Antarktis. Den Wostoksee, mit seiner glatten Eisoberfläche, kann man als kleinen Huppel im roten Kreis erkennen (Qelle: Wikimedia Commons, NASA, JPL)

Andrei Kapiza, russischer Wissenschaftler der Wostok Station vermutete schon in den späten 50er Jahren einen See unter der Südpolarstation. Erst 1996 wurde seine Existenz bewiesen. Seither ist die Neugier groß. Was lebt dort unten bei -3°C und Drücken von 30 bis 40 MPascal?

In den letzten Jahren konnte man die Spannung des Wettlaufs in der Luft schmecken (wie beim Nascar Rennen): Forscher wollten mit dem Bohrgestänge in den See rein, sie wollten die ersten sein, die Proben bekommen, einen Blick hinein werfen, unbekanntes Leben entdecken. Mir ging es nicht anders.

Bis zu 3600m ins Eis hinein wurde gebohrt. Dann war Schluss. Bohrlöcher im antarktischen Eis müssen mit Kerosin und Freon gefüllt werden, damit sie nicht wieder zufrieren. Die Kontamination des Sees würde sämtliche Untersuchungen verzerren und eines der wenigen, vom Menschen völlig unbeeinflussten Ökosysteme dieser Erde, wäre hinüber. Ein internationales Abkommen stoppte Bohrer und Kerosin kurz vor dem Kontakt mit dem See.

Der Wostoksee, incl Bohrloch und Eisdecke (Quelle: Wikimedia Commons, By Nicolle Rager-Fuller/NSF)

Als 2012 russische Forscher die letzten Meter Eis dennoch durchstachen, schoss eine Fontäne aus dem Bohrloch. Der See hatte es hoch gedrückt.

Jetzt hat eine Gruppe Wissenschaftler im Online-Journal PLOS_ONE einen Artikel über Leben im Wostoksee veröffentlicht (hier).

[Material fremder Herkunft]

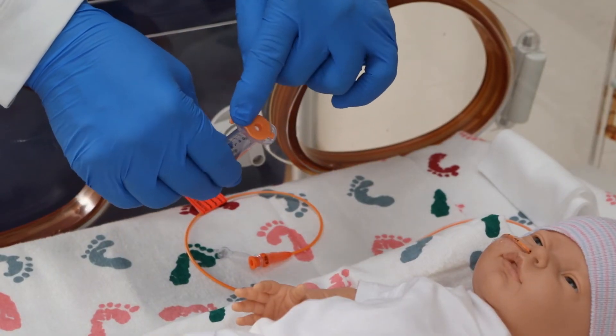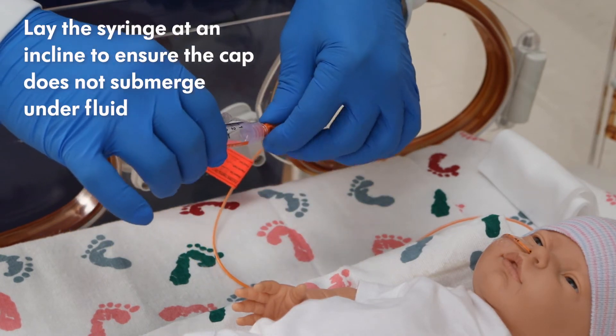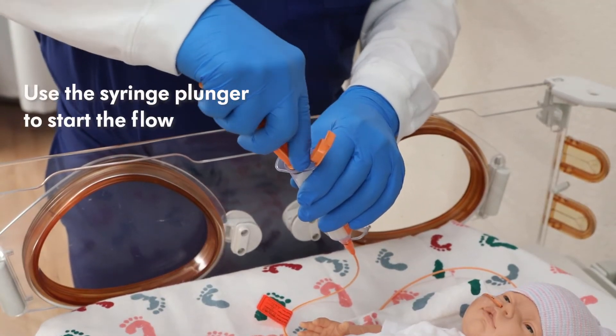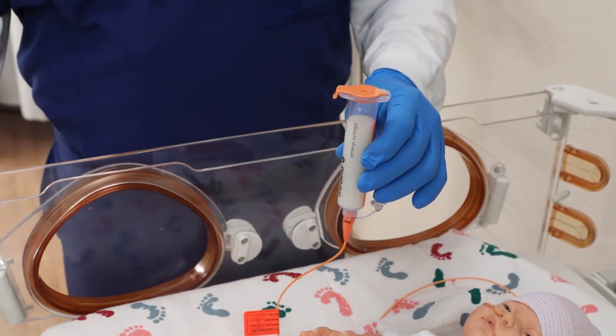For venting, snap the lid closed and lay the syringe at an incline. This ensures the cap does not submerge under fluid and block the venting. For feeding, use the syringe plunger to start the flow. Then snap the lid closed and hang or hold the Gravifeed vertically so the feed can continue.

Die Forscher analysierten Eisproben, die von der Oberfläche des Sees stammen. Seewasser gefriert an der Gletscher-See-Kontaktstelle und konserviert so Kleinstlebewesen und Mikroorganismen über viele Jahre hinweg.

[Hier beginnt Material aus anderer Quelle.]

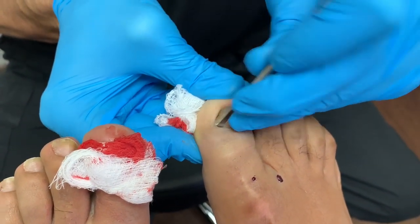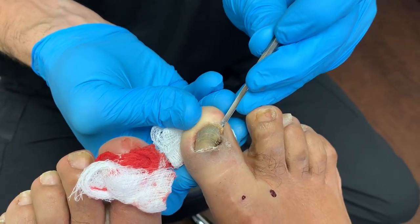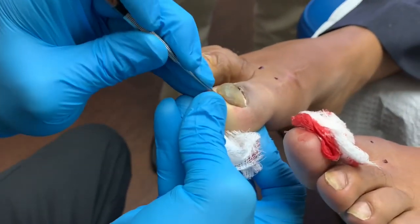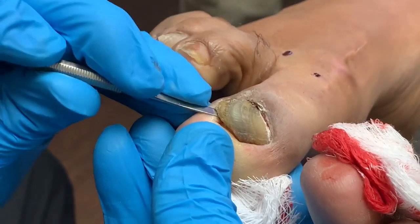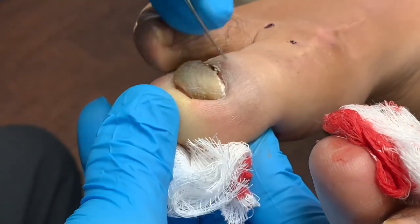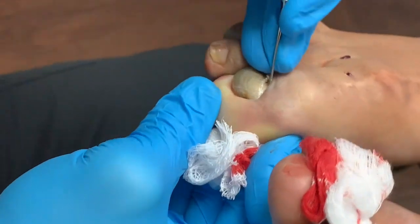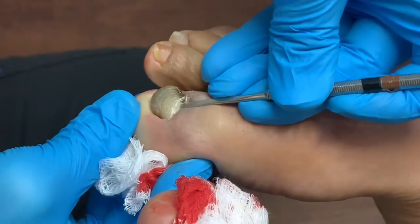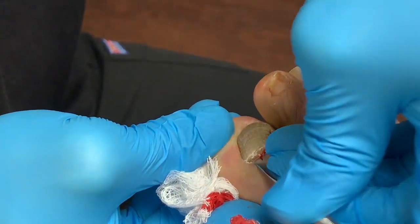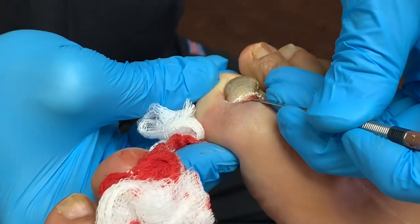Look at this — this one has adapted tremendously. Look at how this is just digging in there, and it's very deeply embedded.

Die Wissenschaftler sequenzierten DNA und RNA aus den Eisproben. Ersteres kann aufdecken was sich im Wostoksee aufhält, bzw. aufgehalten hat und dann festgefroren ist. Analysen der RNA geben Auskunft über Stoffwechselprozesse dieser Lebewesen.

Der überwiegende Teil des Lebens im Eis des Wostoksees besteht aus Bakterien. Doch der Blick ins feine Detail lässt auf höheres Leben hoffen: Viele der gefundenen Bakterien sind bekannte Symbionten oder „Mitbewohner“ höherer Lebewesen, z.B. von Fischen, Muscheln und Würmern. Die Puzzleteilchen der Sequenzanalyse deuten auf ein komplexes Nahrungsnetz hin, das sich über Millionen von Jahren in aller Abgeschiedenheit entwickeln konnte. Aber ob es tatsählich Fische unter der 4 Kilometer dicken Eisdecke gibt, wie sie aussehen könnten und wovon sie sich ernähren, ist noch nicht geklärt.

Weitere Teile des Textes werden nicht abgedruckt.